WEBUI_AUTH=False disables all authentication and authorization in Open WebUI. Anyone who can reach port 3000 -- on your machine or your local network -- has unrestricted access to every model, every conversation, all uploaded files, and all admin functions. Never use this setting on a machine accessible to others or exposed beyond your own workstation. The Open WebUI documentation classifies this configuration as a production risk. Disabling all authentication maps to MITRE ATT&CK T1078 (Valid Accounts -- Initial Access): an unauthenticated port is an implicit valid session for any reachable client. NIST SP 800-190 Section 3.3 requires that container runtime security never rely solely on network isolation as an authentication substitute. The underlying principle -- that removing authentication collapses all privilege boundaries simultaneously -- is the same reason running any network service as root is discouraged. For a framework on designing access boundaries for self-hosted Linux services, see zero-trust security on Linux.

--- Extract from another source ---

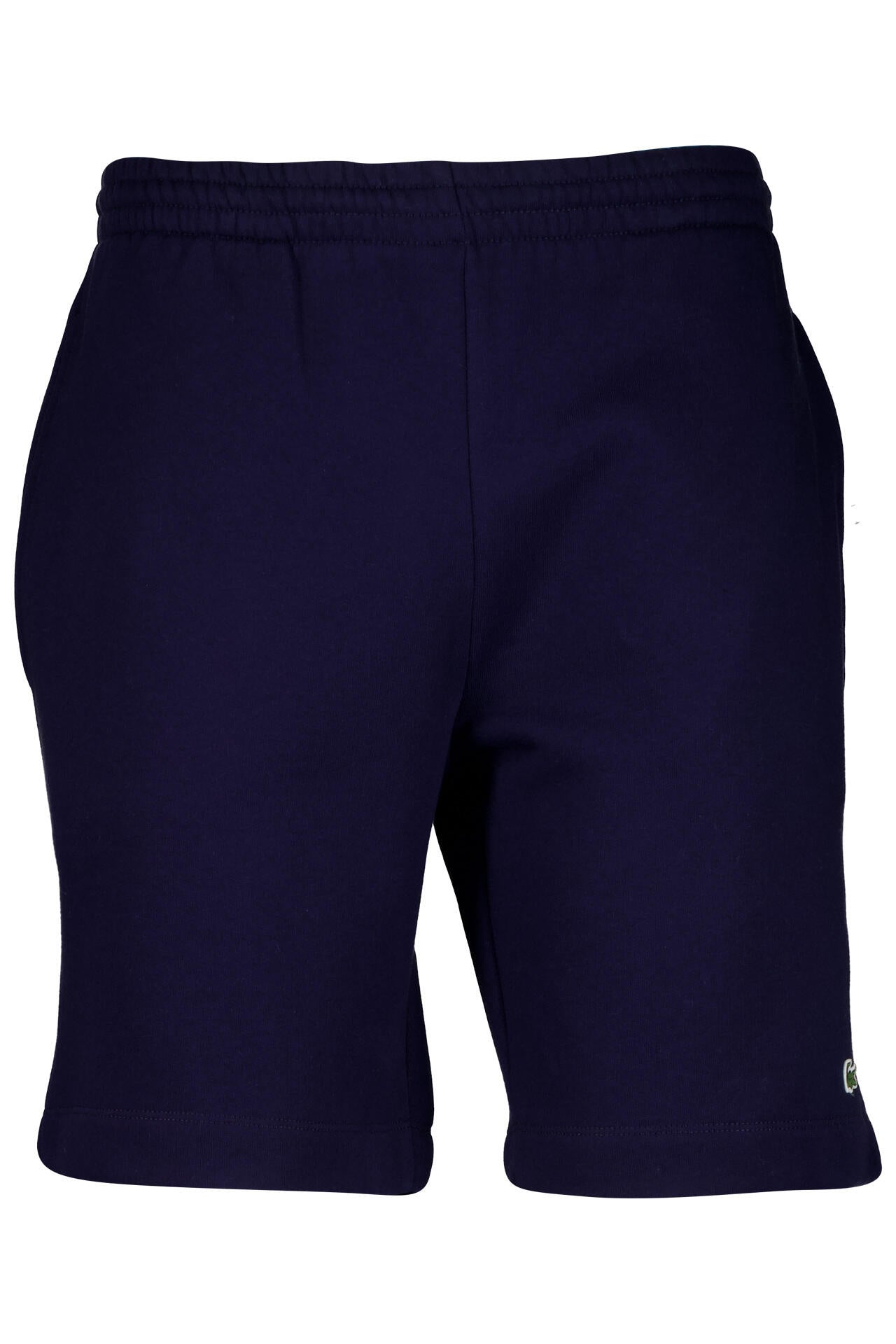 Sweat Shorts Regular Fit - 166-NAVY BLUE - Blau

Extend the Ollama context window

Ollama's default context window is 4096 tokens when no VRAM tier information is available; on systems with 24–48 GiB VRAM the dynamic default scales to 32k, and on systems with 48 GiB or more it reaches 256k. Regardless of hardware tier, any model will only use the allocated context window -- a 7B model trained on a 128k context window will still only use the tier-default unless you explicitly override it. The consequence is that long documents, RAG pipelines, and multi-turn conversations silently truncate beyond the context limit with no error message. The OLLAMA_CONTEXT_LENGTH environment variable sets a global override for all models. For per-model overrides, create a Modelfile with PARAMETER num_ctx and use ollama create to register it as a named variant. Note that KV cache scales linearly with context length -- a 7B model at 32k context consumes roughly 6 GB of VRAM versus approximately 400 MB at 4k. Sources: official Ollama FAQ; Ollama context length docs.

/etc/systemd/system/ollama.service.d/override.conf

[Service]
Environment="OLLAMA_HOST=0.0.0.0:11434"
Environment="OLLAMA_CONTEXT_LENGTH=16384"

Pull and manage models from within Open WebUI

You do not have to use the CLI to pull models. In Open WebUI, go to Admin Panel > Settings > Models. Enter a model name from the Ollama library (such as qwen2.5:7b or mistral:7b-instruct) and click the download button. Open WebUI triggers the pull via the Ollama API and shows download progress in the UI.

Add OpenAI or other API endpoints alongside local models

Open WebUI supports any OpenAI-compatible API alongside Ollama. Go to Settings > Connections and add an endpoint URL and API key. Once added, the external provider's models appear in the same dropdown as your local Ollama models, and you can switch between them per conversation.

Access the stack remotely without exposing port 3000

If you want to use Open WebUI from another machine on your network -- or from outside your home network entirely -- do not bind port 3000 to a public interface. The better option is a VPN that terminates on your Linux host, so only authenticated tunnel traffic reaches the container network. WireGuard on Linux is the minimal, kernel-native approach: a peer with a valid key can reach your stack; everything else sees a closed port. If the host is also accessible via SSH, harden the SSH configuration before putting it on any network you do not fully control -- the SSH audit and hardening guide covers key-only auth, algorithm restrictions, and rate limiting.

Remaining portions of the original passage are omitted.